### Instructions to follow
Word for word, and with pictures excluded, copy out all the records that follow.

Web page caption snippets
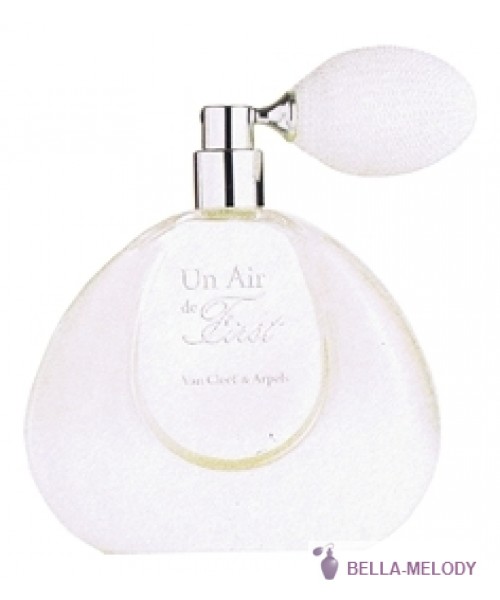 Van Cleef & Arpels Un Air De First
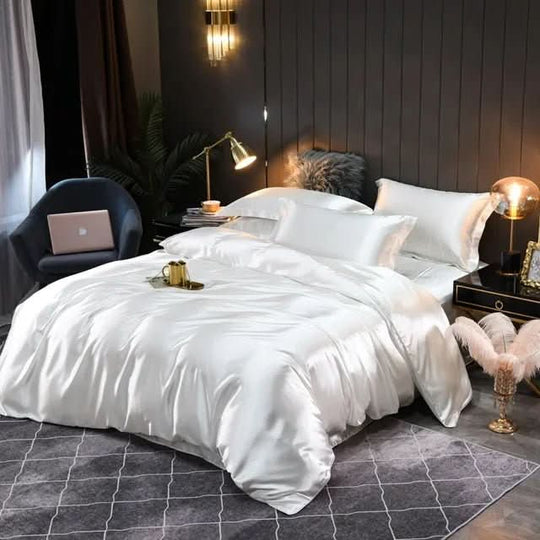 Dekbedovertrek voor een Luxe Slaapervaring 7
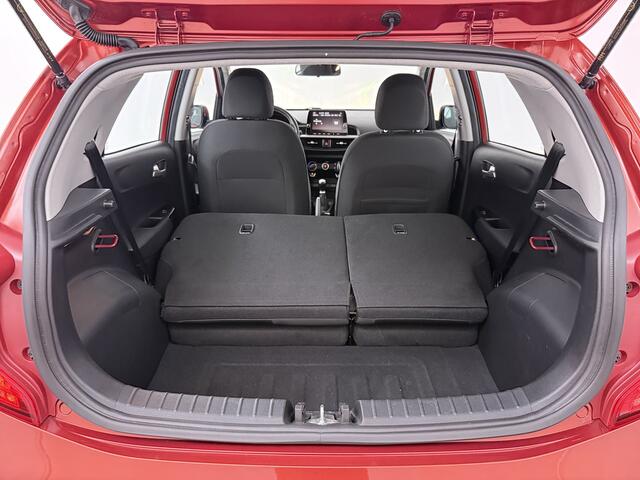 KIA PICANTO 1.0 DPi DynamicLine | Airco | Camera | Lichtmetalen velgen | Cruise Contol | Prijspakker |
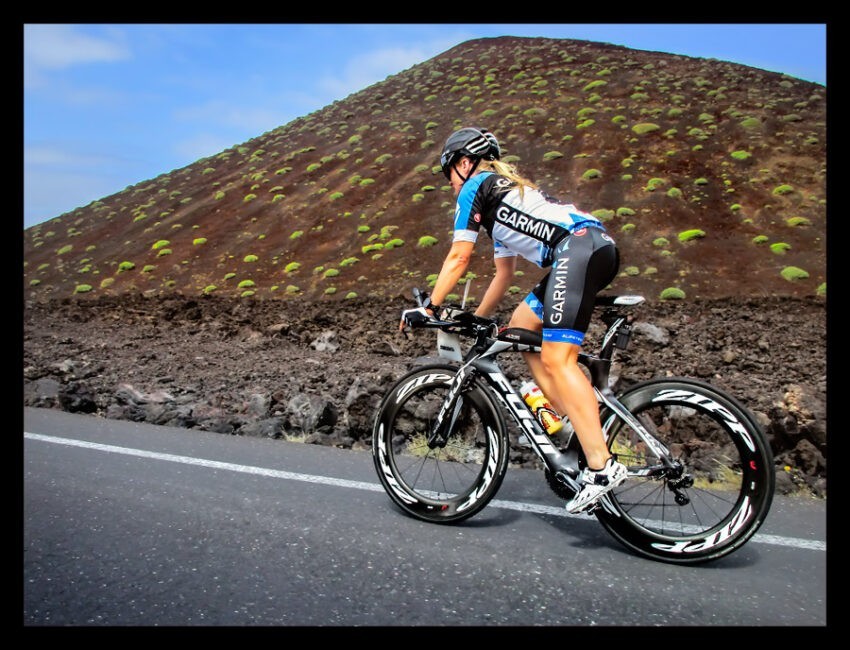 Lanzarote: Radsport-Insel (Aufruf!)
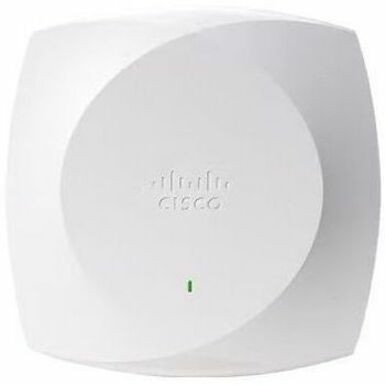 Cisco Meraki CW9172I Tri Band IEEE 802.11 a/b/g/n/ac/ax/be 9 Gbit/s Wireless Access Point - Indoor - CW9172I-CFG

### Exercise response
 Van Cleef & Arpels Un Air De First
 Dekbedovertrek voor een Luxe Slaapervaring 7
 KIA PICANTO 1.0 DPi DynamicLine | Airco | Camera | Lichtmetalen velgen | Cruise Contol | Prijspakker |
 Lanzarote: Radsport-Insel (Aufruf!)
 Cisco Meraki CW9172I Tri Band IEEE 802.11 a/b/g/n/ac/ax/be 9 Gbit/s Wireless Access Point - Indoor - CW9172I-CFG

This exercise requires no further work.